_What the task requires_
Write down exactly the lines from the one below that has "ニッサン ノート e-POWER" to the end of the data, both ends included; the pictures should not appear in your copy.

=== Materials provided ===

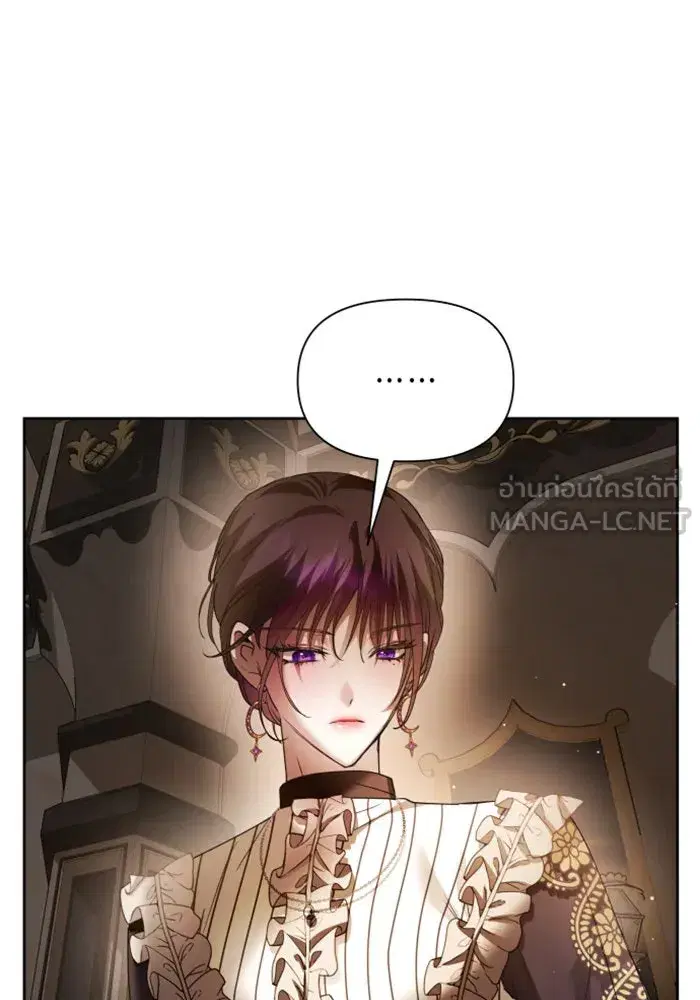Your Throne ตอนที่ 94 หน้า 138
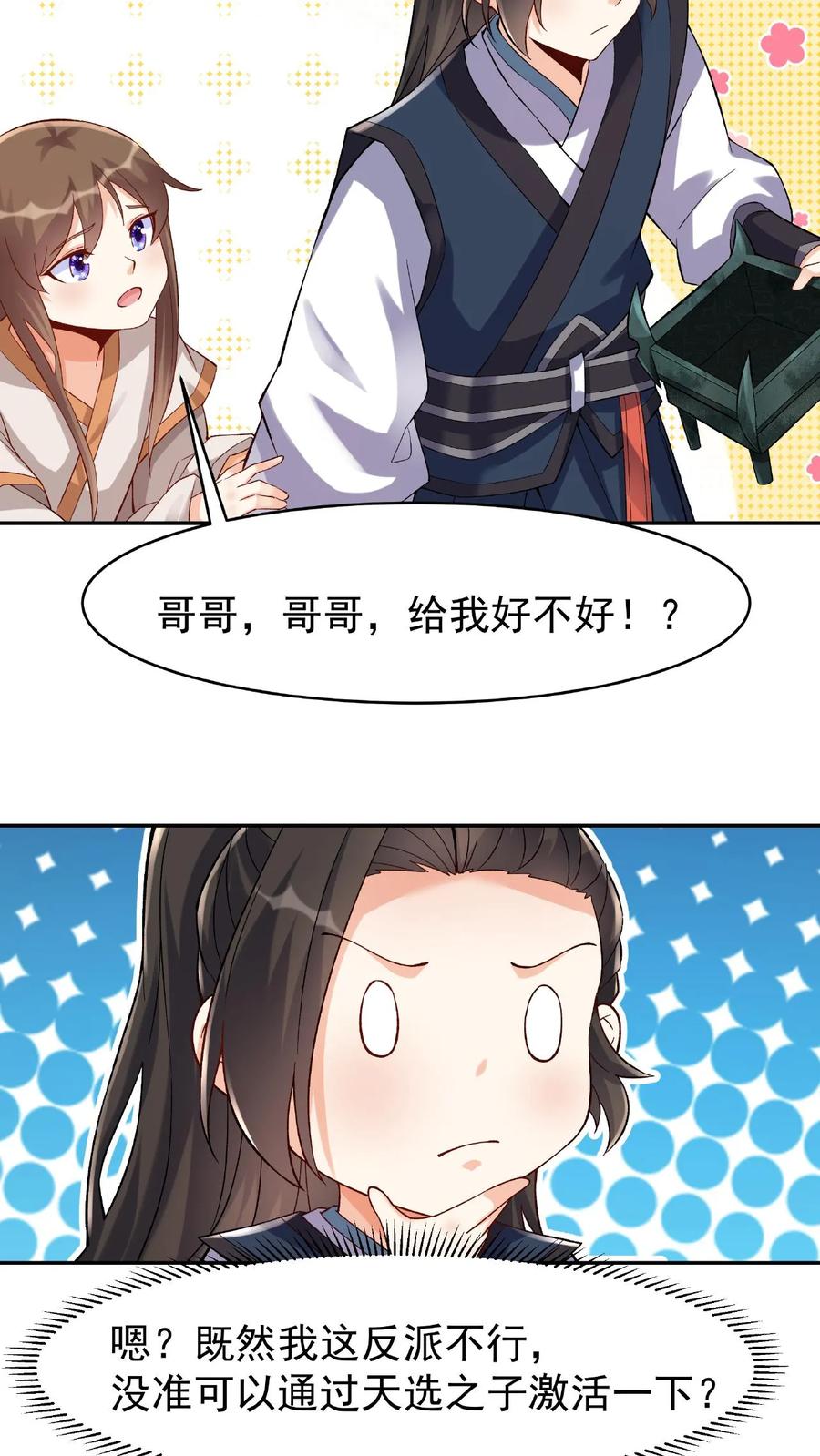这个反派有点良心，但是不多！ 第19话 小破鼎 第10页
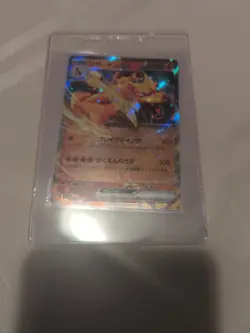 Pokemon TCG Charizard EX Japanese Scarlet and Violet 151 006/165 RR NM - Image 1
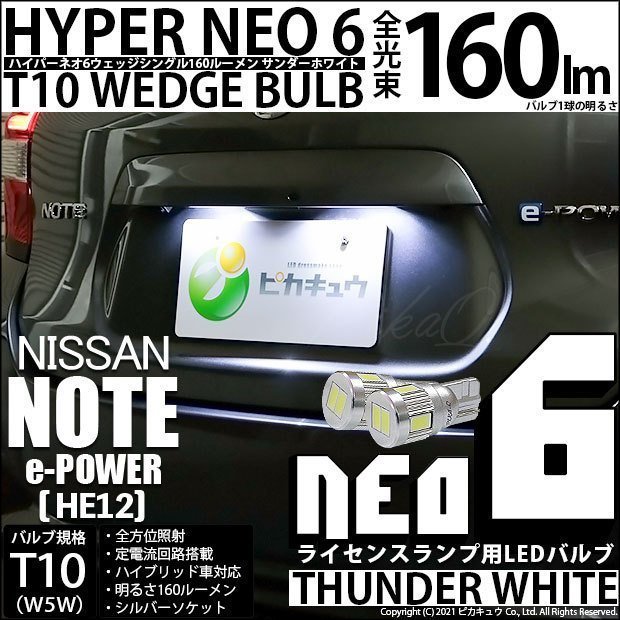 ニッサン ノート e-POWER (HE12) 対応 LED ライセンスランプ T10 HYPER NEO 6 160lm サンダーホワイト 6700K 2個 2-C-10_画像1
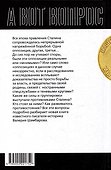 С кем и за что боролся Сталин? - 1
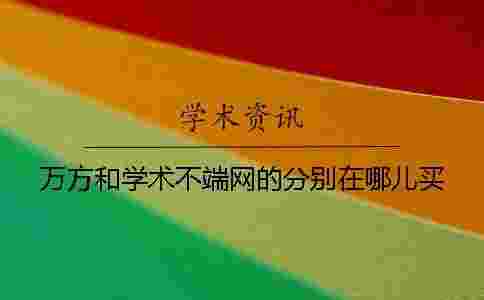 萬方和學術不端網的分別在哪兒買？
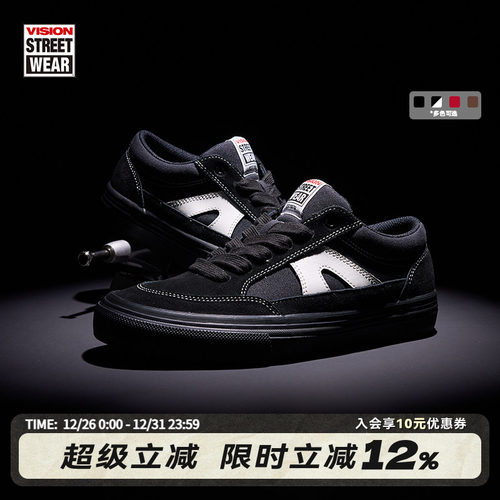 VISION官方 STICK复古经典低帮翻毛皮帆布鞋运动休闲板鞋男女多色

===

_Output for this exercise_
 ニッサン ノート e-POWER (HE12) 対応 LED ライセンスランプ T10 HYPER NEO 6 160lm サンダーホワイト 6700K 2個 2-C-10_画像1
 С кем и за что боролся Сталин? - 1
 萬方和學術不端網的分別在哪兒買？
 VISION官方 STICK复古经典低帮翻毛皮帆布鞋运动休闲板鞋男女多色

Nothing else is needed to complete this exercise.